The COVID-19 cohort also experienced a higher risk of hospital readmission at 30 days, and 90 days compared to the flu patients; however, by 180 days, the rate of readmissions were similar between the two groups. The most common reasons for readmission were circulatory conditions, respiratory conditions, sepsis, heart failure and pneumonia. Within the COVID-19 cohort, Black individuals and dual-eligible beneficiaries were more likely to be readmitted than white patients.
Encouragingly, the scientists demonstrated a decline in post-discharge death over the course of the study period. The scientists note that there may be several epidemiological factors that explain this trend: clinicians have made major advances in treating patients hospitalized with severe cases of COVID-19, that vaccination campaigns targeting high-risk patient populations including older adults may have prevented many infections from becoming severe and potentially fatal cases of COVID-19, and that the virus itself may be undergoing changes in virulence.
“While we did find that rates of death following a hospitalization for COVID-19 steadily declined over the course of the pandemic, the substantial in-hospital and early post-discharge risk of death associated with COVID-19 in this sample of Medicare beneficiaries highlights the need for preventative interventions, particularly in patients at increased long-term risk for adverse outcomes,” said lead author Andrew S Oseran, MD, MBA, a research fellow at the Smith Center now at Massachusetts General Hospital. “Our findings suggest the continued need to evaluate clinical and societal interventions that address the glaring inequities in post-discharge outcomes among older adults hospitalized with COVID-19.”

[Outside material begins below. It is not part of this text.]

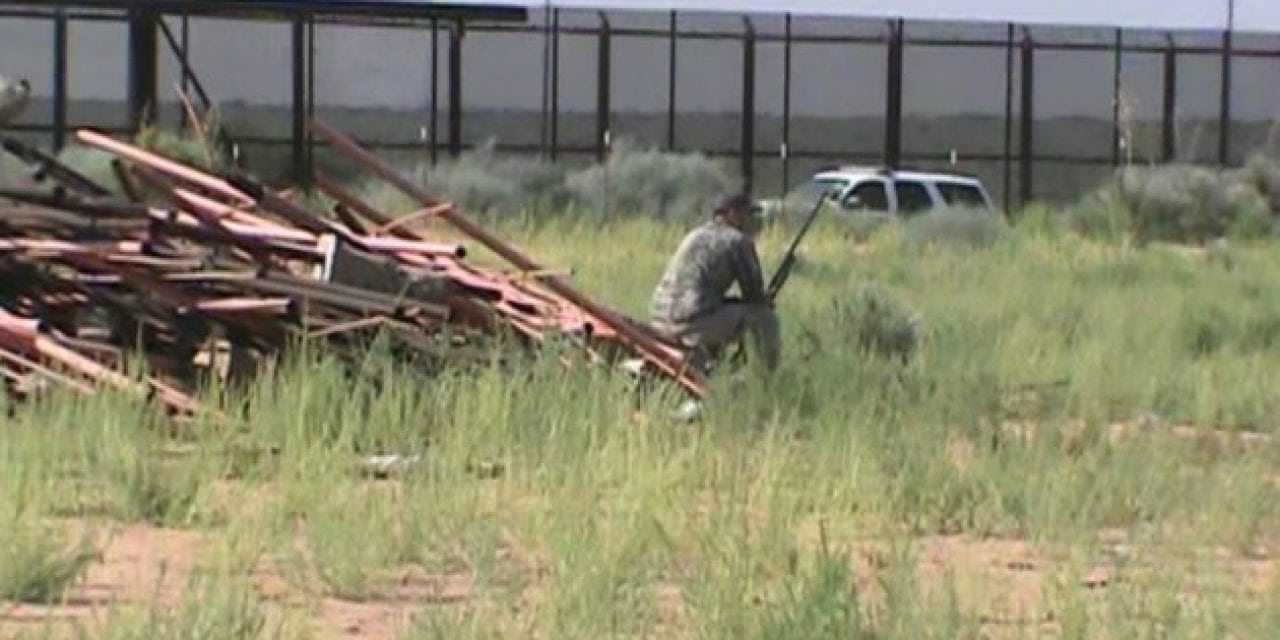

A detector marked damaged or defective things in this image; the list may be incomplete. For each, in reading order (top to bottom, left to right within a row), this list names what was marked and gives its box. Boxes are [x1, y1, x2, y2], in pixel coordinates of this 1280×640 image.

rusted metal debris [0, 122, 706, 417]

Co-authors included Yang Song, Jiaman Xu, Issa J. Dahabreh, Rishi K. Wadhera, and Tianyu Sun of the Smith Center for Outcomes Research at BIDMC; James A. de Lemos and Sandeep R. Das of the University of Texas Southwestern Medical Center.

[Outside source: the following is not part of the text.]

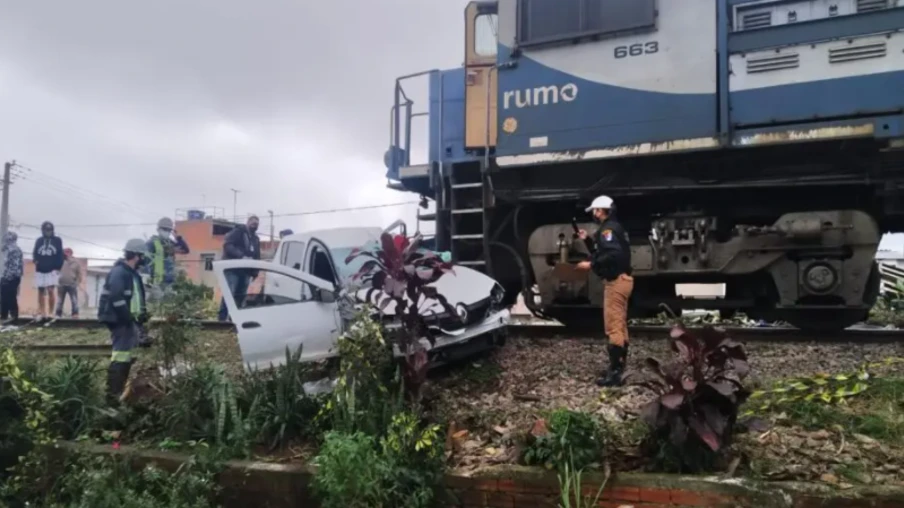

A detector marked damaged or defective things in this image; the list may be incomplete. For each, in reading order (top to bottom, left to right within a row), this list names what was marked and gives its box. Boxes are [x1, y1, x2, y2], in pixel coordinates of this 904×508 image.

This work was supported in part by grants from the National Heart, Lung and Blood Institute (R01HL157530) and Patient-Centered Outcomes Research Institute (PCORI) (ME-1502- 27704). Sun is currently employed by Moderna; his involvement in this project occurred while he was employed at the Richard A. and Susan F. Smith Center for Outcomes Research before his employment at Moderna. Dahabreh is the principal investigator of research agreement between Harvard and Sanofi on statistical methods for vaccine trials with applications to influenza and has received consulting fees from Moderna. The other authors report no financial relationships with any organizations that might have an interest in the submitted work in the previous three years; no other relationships or activities that could appear to have influenced the submitted work.

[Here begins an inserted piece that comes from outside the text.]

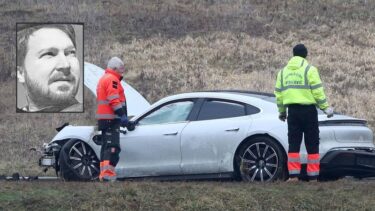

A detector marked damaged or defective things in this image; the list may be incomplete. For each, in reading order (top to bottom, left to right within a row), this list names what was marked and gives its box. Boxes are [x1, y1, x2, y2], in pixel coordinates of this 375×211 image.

damaged sports car [39, 89, 375, 181]
crumpled front bumper [318, 148, 375, 179]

About Beth Israel Deaconess Medical Center
Beth Israel Deaconess Medical Center is a patient care, teaching and research affiliate of Harvard Medical School and consistently ranks as a national leader among independent hospitals in National Institutes of Health funding. BIDMC is the official hospital of the Boston Red Sox.
Beth Israel Deaconess Medical Center is a part of Beth Israel Lahey Health, a health care system that brings together academic medical centers and teaching hospitals, community and specialty hospitals, more than 4,800 physicians and 38,000 employees in a shared mission to expand access to great care and advance the science and practice of medicine through groundbreaking research and education.